The impossibility of UK federalism

Bundesrat - Festival of Lights
Bundesrat – Festival of Lights by Stadtlichtpunkte, on Flickr.
I had decided to stop talking about federalism, for the simple reason that it’s not on offer and is a distraction from the much more urgent independence debate.

However, today Labour started talking about replacing the House of Lords with a regional chamber:

[Labour leader Ed Miliband’s policy team] are looking at proposals for a radically reformed second chamber made up of representatives from Scotland, Wales, Northern Ireland and the English regions. The body would be “indirectly elected”, possibly by elected politicians from the different nations and regions of the UK.

Whereas this proposal would probably be better than the currently unelected mess, it wouldn’t be federalism.

Federalism is at heart a symmetrical system (there are some exceptions, such as India, but what I describe here holds true for the best-known examples such as Germany and the US). What this means is that the states (Länder in Germany) all have the same powers, and it’s well-defined which powers are reserved to central government. Countries with federal systems often have a bicameral parliament: One representing the people, with one vote per citizen (e.g., the American House of Representatives and the German Bundestag) and one representing the states (e.g., the Senate and the Bundesrat); the latter sometimes give equal representations to the states (e.g., in the Senate each state has two members), but sometimes big states have slightly more votes (e.g., in the Bundesrat each Land has between 3 and 6 votes, depending on size).

Federal countries normally have states that are similar in size, but it’s not a requirement. However, England is huge (53m inhabitants, while the rest of the nations have only about 10m together), and this makes it hard to establish a federal system.

Firstly, the English Parliament would be hugely influential — it’s quite possible the best political talents would go there rather than to the UK Parliament, and it’s probably all the BBC would be talking about most of the time.

Secondly, a proper federal parliament would allow Scotland, Wales and Northern Ireland to block legislation desired by England. For instance, using the Bundesrat scheme, the three smaller nations would have 3 votes each, so they could easily outvote England (with 6 votes).

This is of course where Labour’s devious invention comes into play. By resurrecting the English regions (which aren’t popular in England — let’s not forget how people voted No to regional assemblies when they were asked), they can overcome this problem. By splitting England into nine regions for Senate vote allocation purposes, they can ensure that England will never be outvoted by the small nations of the UK.
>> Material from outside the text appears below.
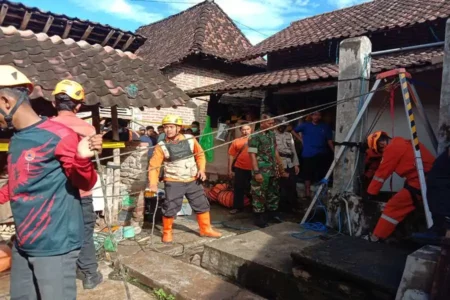BPBD Ponorogo Evakuasi Warga Meninggal Tercebur Sumur Foto BeritaJatim.com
However, of course Labour aren’t proposing to give the English regions powers like the real nations. There won’t be an East Midlands legal system, there won’t be an independent South West NHS, there won’t be a separate Church of Yorkshire and the Humber, there won’t be a distinct London education system, and the North West won’t start fielding its own football team in international tournaments.

The problem is that if there is a debate in Labour’s second chamber about the NHS, for instance, the three nations with their own separate health systems will be outvoted by the nine English regions that not only share an NHS but also have no direct influence over it, given that it’s controlled by Westminster.

The only way I can think of to create proper federalism in the UK is to split England into two or more nations, each having the same powers as Scotland. However, this will never happen. The English feel their nation is England, and it would be an abomination to destroy England in order to save the UK. The consequence is that the UK will never become a federal state. It’s impossible.